Pada upacara kecil kami, saya berbicara singkat tentang kontribusi kolega kami terhadap SCAN dan anggota kami. Tapi saya tidak banyak berbicara lebih lanjut. Kami tidak berkumpul untuk mendengarkan saya berbicara. Kami berkumpul disana untuk meluangkan waktu untuk berduka.
Karyawan yang pertama kali mengusulkan ide memperingati kolega kami membaca sebuah puisi.
Dan kemudian, saat kami membaca nama-nama kolega dan teman kita yang meninggal, orang yang telah bekerja dekat dengan mereka menggantungkan ornamen kayu berukir yang memuat nama mereka pada pohon-pohon tersebut.

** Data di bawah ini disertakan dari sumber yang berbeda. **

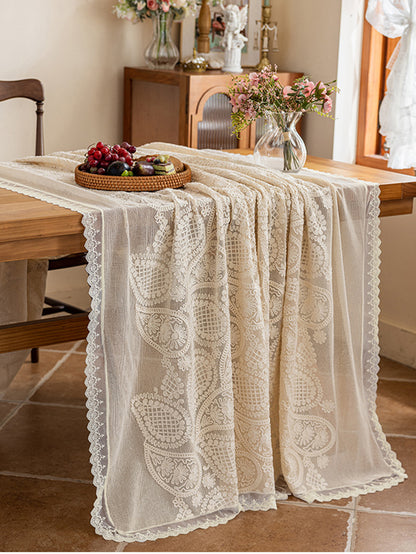LaLuna Home Paisley Lace Tablecloth 140*240cm / 55*94in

Beberapa minggu kemudian, saya melintasi pohon-pohon tersebut dalam perjalanan saya ke lift dan melihat dua wanita sedang melihat nama-nama yang tergantung dari cabang-cabangnya. Saya bisa mendengar mereka merenungkan tentang kolega mereka yang telah meninggal. Mungkin mereka sedang istirahat makan siang, atau mungkin mereka baru saja memutuskan bahwa mereka ingin meluangkan waktu sejenak dari meja mereka untuk melihat peringatan tersebut.
Saya memimpin sebuah perusahaan kesehatan, dan sering kali saya berbicara tentang dedikasi karyawan kita terhadap anggota kami. Tapi pada saat itu, saya melihat hal lain: dedikasi mereka satu sama lain.